Chantegrive étant planté pour une moitié de sauvignon et de sémillon, et pour l’autre moitié de cabernet-sauvignon et de merlot, la famille Lévêque a recherché le concours de l’un des œnologues de Bordeaux les plus compétents, très jalousé ces temps-ci, Monsieur Hubert de Boüard de Laforest, co-propriétaire de Château Angélus à Saint-Émilion, pour la conseiller sur la manière de différencier l’expression des cépages selon les terroirs du domaine qui compte de nombreuses parcelles; et ainsi, progressivement, l’homogénéité, le profil aromatique, la qualité générale des vins se sont améliorés jusqu’à faire de Chantegrive l’un des plus grands blancs de Graves et Pessac-Léognan dont la notoriété est maintenant reconnue dans le monde entier comme l’un des tout premiers vins blancs de Bordeaux.
DÉGUSTATION du 12.12.14 au restaurant Mandarin Oriental
Chantegrive Graves blanc 2011 et 2012 en apéritif :
le 2012 est ample, souple et peut évoluer en gardant à la fois sa carrure et sa fraîcheur si séduisante.
Le 2011 a un plus de matière, bien équilibré, plus marqué sauvignon, des notes iodées, qui lui aussi évoluera bien, en gardant espérons-le sa finale complexe.
11-12 € : à saisir.
Chantegrive cuvée Caroline 2007 sur un tartare de bar : jaune limpide; attaque minérale au nez présente mais sans agressivité; en bouche, complexité aromatique et fruit exotique (ananas, mangue), sensualité et douceur (miel); fraîcheur encore remarquable.
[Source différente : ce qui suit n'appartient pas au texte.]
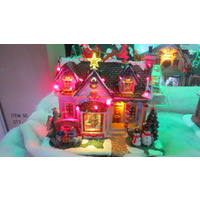 Lemax Best Decorated House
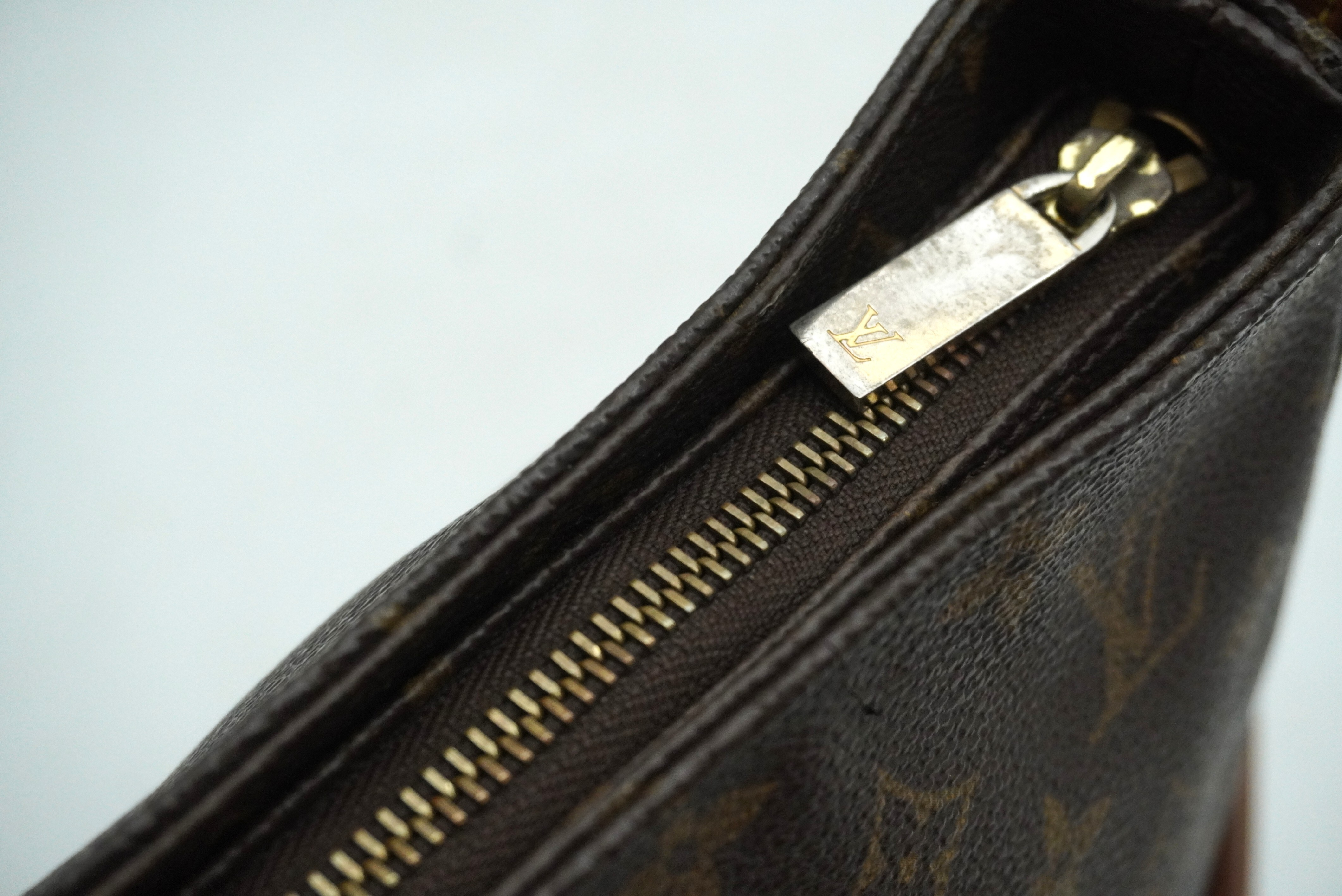 Monogram Looping MM M51146 Shoulder Bag — view 9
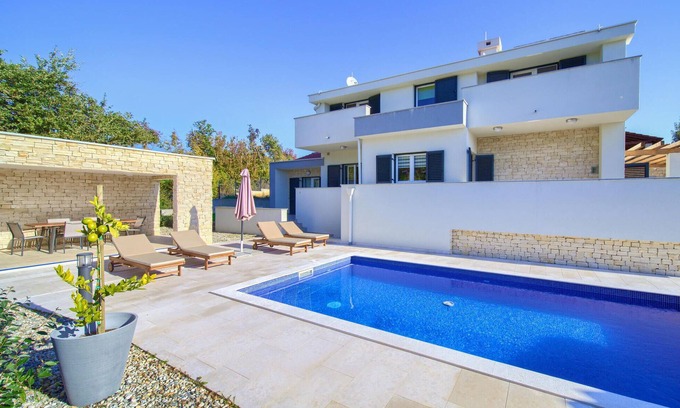 Risika Casa | Bonita casa de 3 dormitorios en Risika
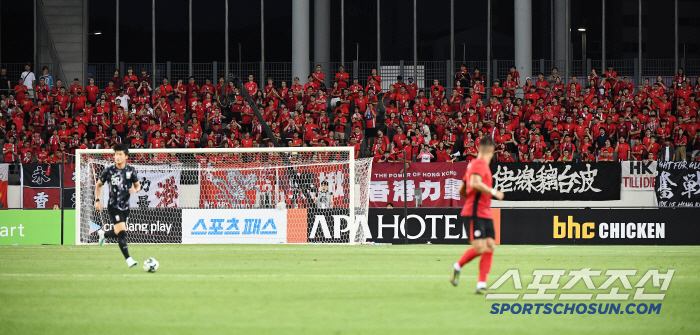 [홍콩전 전반 현장리뷰]'일본전 학습효과' 6-3-1, 극단적 수비 전술…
Plus qu’un sans défaut c’est une vraie réussite. Marie-Hélène Lévêque : merci… les grands blancs sont difficiles à faire ! Celui-ci durera encore plusieurs années. Entre 12 et 15 € en GD si on le trouve encore.
Chantegrive Graves rouge 2012, 2011, 2008, 2005 sur des grives au foie gras : débat sur la différence entre le 2008 qu’Hélène préfère en ce moment, très beau graves, et le 2005 que je préfère, un millésime d’exception dont la maturité lente continuera d’évoluer encore dix ans au moins. Belle profondeur, fraîcheur intacte. Grand bonheur. Aux environs de 20 €. Les 2011 et 2012 sont impeccables avec un penchant pour le 2011 environ 15 €.
Chantegrive cuvée Caroline 2013 sur des fromages de chèvre : robe jaune pâle; nez de fleurs blanches; bouche ample et riche, notes de pamplemousse, toujours cette fraîcheur Chantegrive qui nous attache, belle finale acidulée et persistante. Déjà à boire (12,80 € rapport Q/P top).